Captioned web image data
■ ■ ■ ■

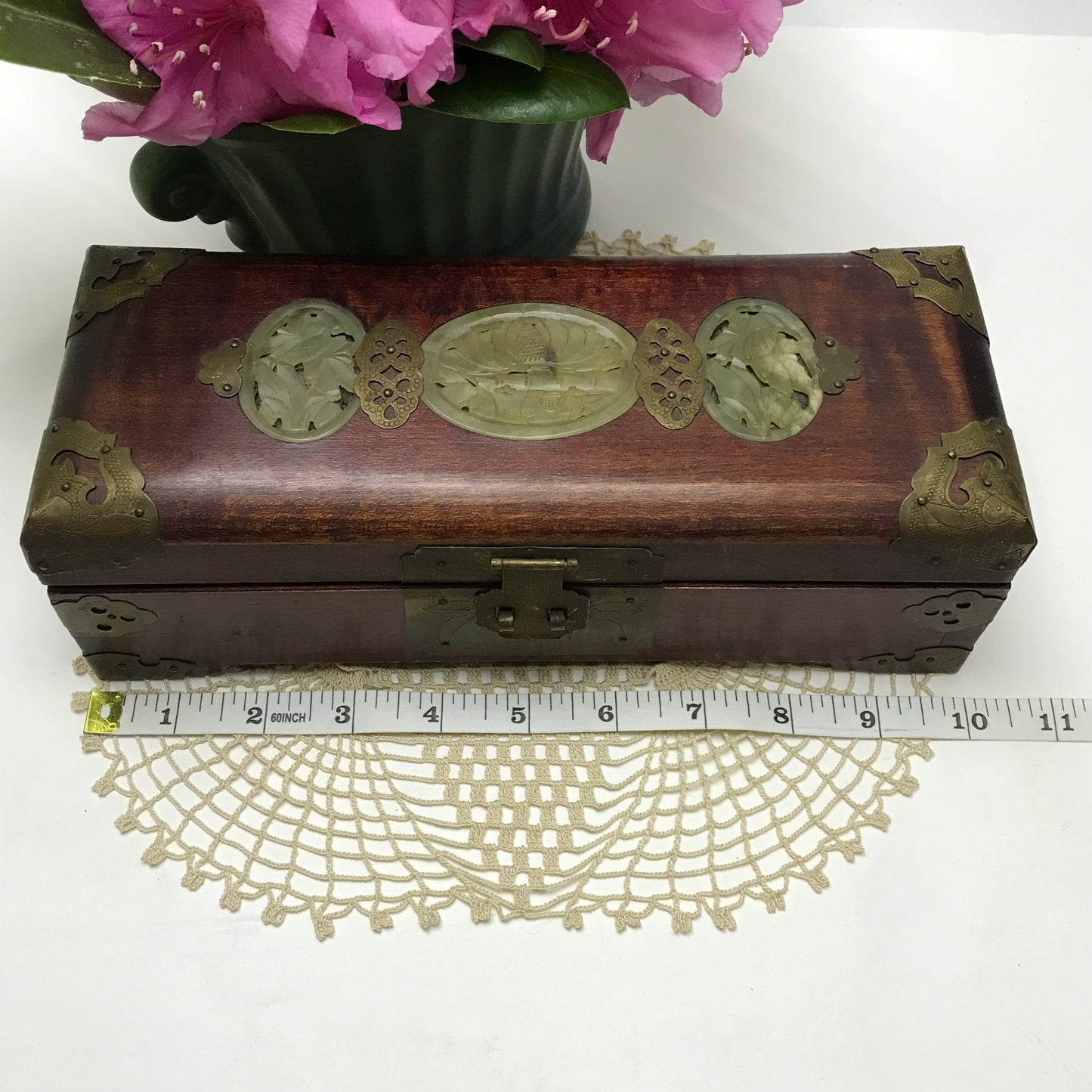 Chinese Jewellery Box with Brass & Jade Accents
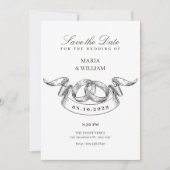  paar ring minimalistische bruiloft save the date (Voorkant)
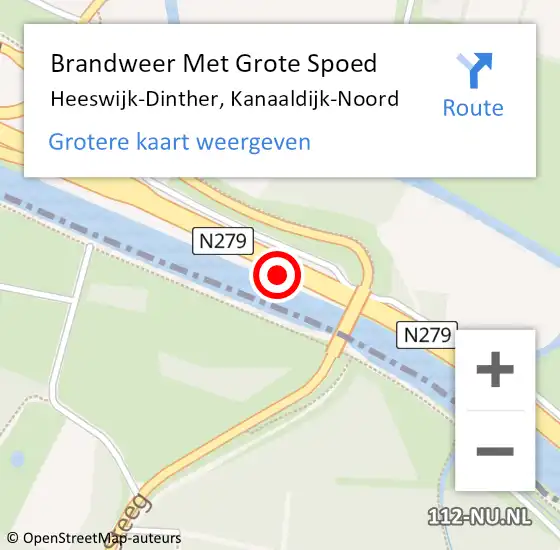 Locatie op kaart van de 112 melding: Brandweer Met Grote Spoed Naar Heeswijk-Dinther, Kanaaldijk-Noord op 17 februari 2020 07:35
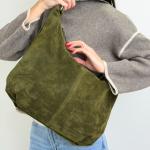 Сумка женская кожаная оливковая FM1780D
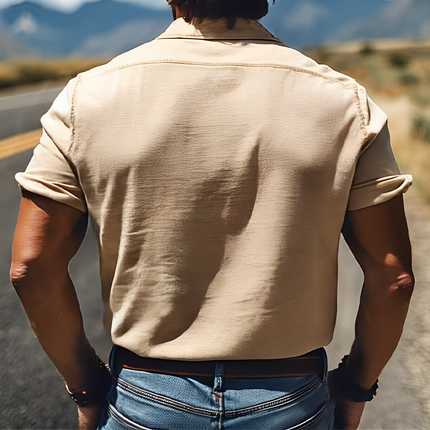 Men's Retro Western Short Sleeve Shirt | Summer Fashion | Embroidered Cotton Linen Blend | Classic Style | Breathable Fabric | Versatile Casual Top | Comfortable Fit for Warm Weather | Unique Design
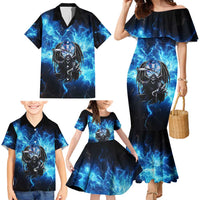 Custom Grim Reaper Bowling Family Matching Mermaid Dress and Hawaiian Shirt with Blue Lightning Background - Wonder Print Shop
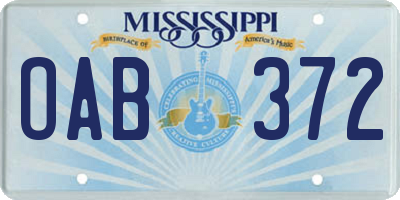 MS license plate OAB372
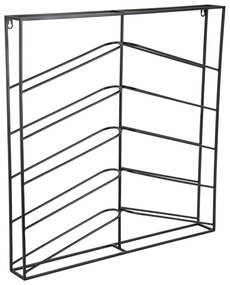 Portabottiglie da parete nero in metallo numero di bottiglie 10 67x66x7,5 cm Cuadro – PT LIVING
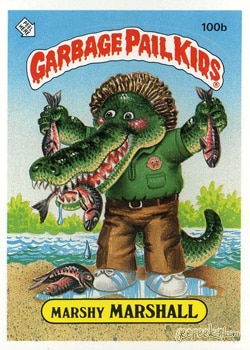 Marshy Marshall Garbage Pail Kids sticker card 100b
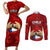 Chile Rugby Couples Matching Short Sleeve Bodycon Dress and Long Sleeve Button Shirts Los Condores Mascot with Bellflower World Cup 2023 LT9 - Wonder Print Shop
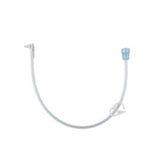 Medical extension tube with blue cap and L-shaped connector on a white background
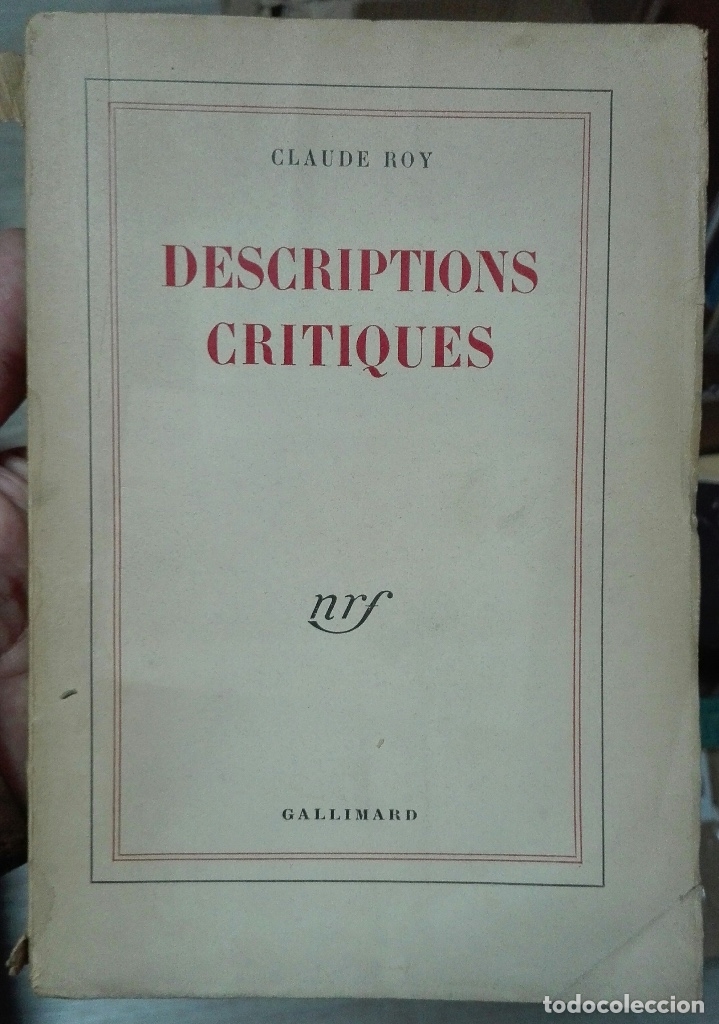 Libros de segunda mano: Claude Roy. Descriptions critiques. - Foto 1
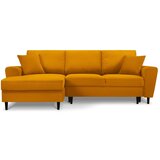 Cosmopolitan Design Gorčično rumena raztegljiva kotna sedežna garnitura s prostorom za shranjevanje iz rebrastega žameta (levi kot/z ležalnikom) Kyoto – | Shoptok.si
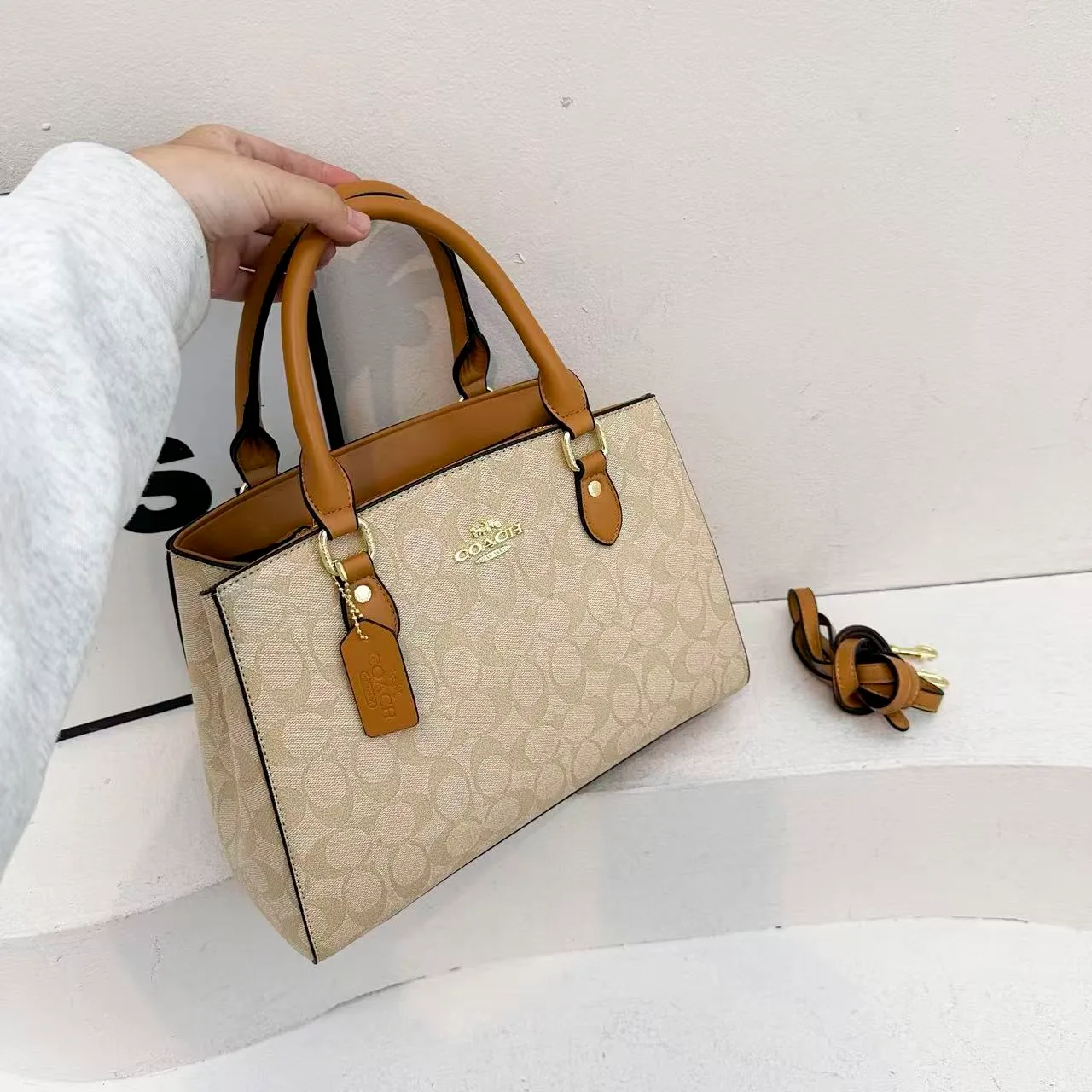 Coach 9176 Satchel in Beige & Black & Grey · view 2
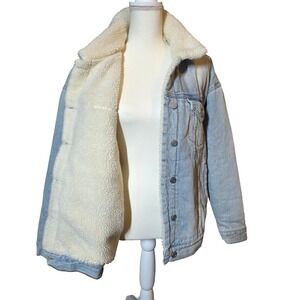 PAC SUN Denim‎ Sherpa Lined Trucker Jacket Light Wash M L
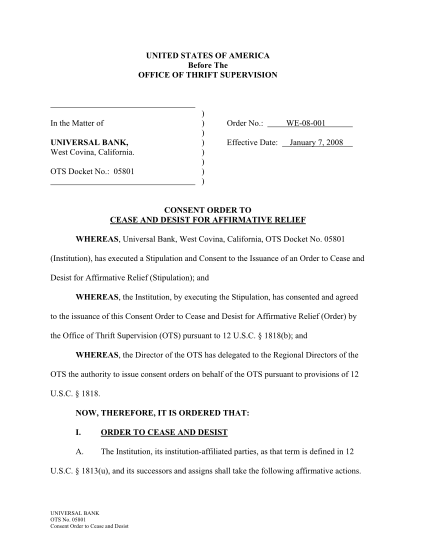 111413197-consent-order-to-cease-and-desist-for-affirmative-relief-universal-bank-west-covina-ca-dkt-no-05801-order-no-we-08-001-dated-january-7-2008-consent-order-to-cease-and-desist-for-affirmative-relief-universal-bank-west-covina-ca-dkt-no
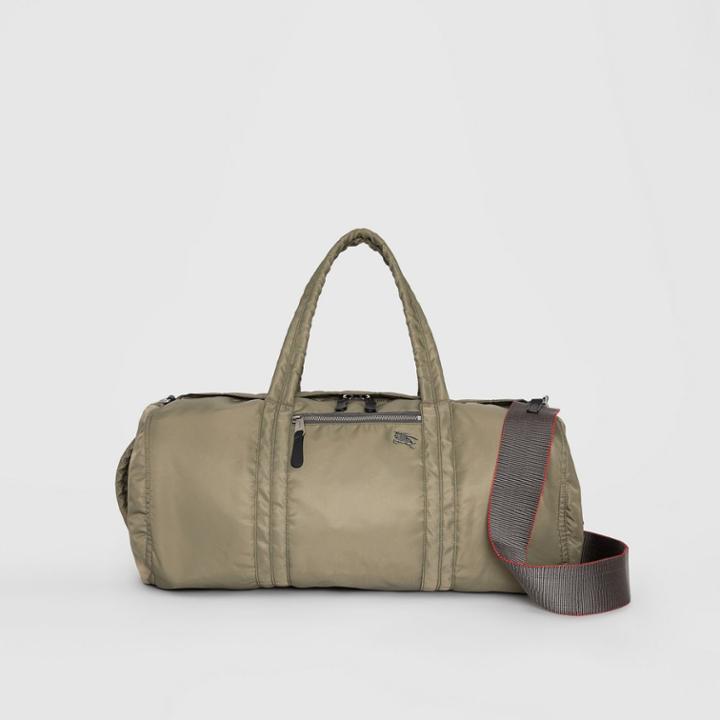 Burberry Burberry Large Ekd Aviator Nylon And Leather Barrel Bag, Green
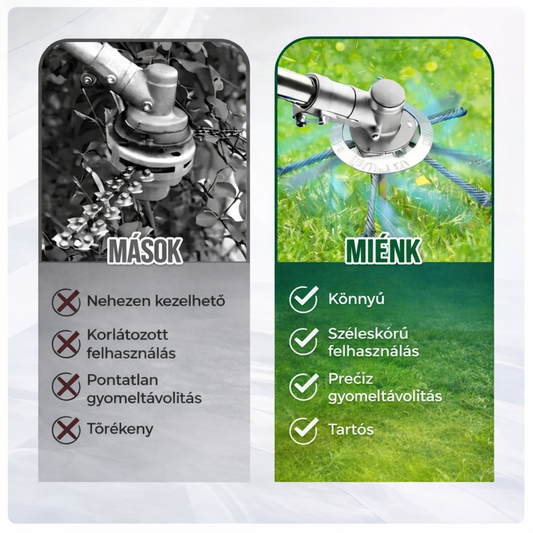 6 pengés acél fűnyíró fej – megoldás a szupergyors fűnyíráshoz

■ ■ ■ ■

Work task.
Copy out all the entries exactly. Images stay out of the copy.

Solution for this problem.
 Chinese Jewellery Box with Brass & Jade Accents
  paar ring minimalistische bruiloft save the date (Voorkant)
 Locatie op kaart van de 112 melding: Brandweer Met Grote Spoed Naar Heeswijk-Dinther, Kanaaldijk-Noord op 17 februari 2020 07:35
 Сумка женская кожаная оливковая FM1780D
 Men's Retro Western Short Sleeve Shirt | Summer Fashion | Embroidered Cotton Linen Blend | Classic Style | Breathable Fabric | Versatile Casual Top | Comfortable Fit for Warm Weather | Unique Design
 Custom Grim Reaper Bowling Family Matching Mermaid Dress and Hawaiian Shirt with Blue Lightning Background - Wonder Print Shop
 MS license plate OAB372
 Portabottiglie da parete nero in metallo numero di bottiglie 10 67x66x7,5 cm Cuadro – PT LIVING
 Marshy Marshall Garbage Pail Kids sticker card 100b
 Chile Rugby Couples Matching Short Sleeve Bodycon Dress and Long Sleeve Button Shirts Los Condores Mascot with Bellflower World Cup 2023 LT9 - Wonder Print Shop
 Medical extension tube with blue cap and L-shaped connector on a white background
 Libros de segunda mano: Claude Roy. Descriptions critiques. - Foto 1
 Cosmopolitan Design Gorčično rumena raztegljiva kotna sedežna garnitura s prostorom za shranjevanje iz rebrastega žameta (levi kot/z ležalnikom) Kyoto – | Shoptok.si
 Coach 9176 Satchel in Beige & Black & Grey · view 2
 PAC SUN Denim‎ Sherpa Lined Trucker Jacket Light Wash M L
 111413197-consent-order-to-cease-and-desist-for-affirmative-relief-universal-bank-west-covina-ca-dkt-no-05801-order-no-we-08-001-dated-january-7-2008-consent-order-to-cease-and-desist-for-affirmative-relief-universal-bank-west-covina-ca-dkt-no
 Burberry Burberry Large Ekd Aviator Nylon And Leather Barrel Bag, Green
 6 pengés acél fűnyíró fej – megoldás a szupergyors fűnyíráshoz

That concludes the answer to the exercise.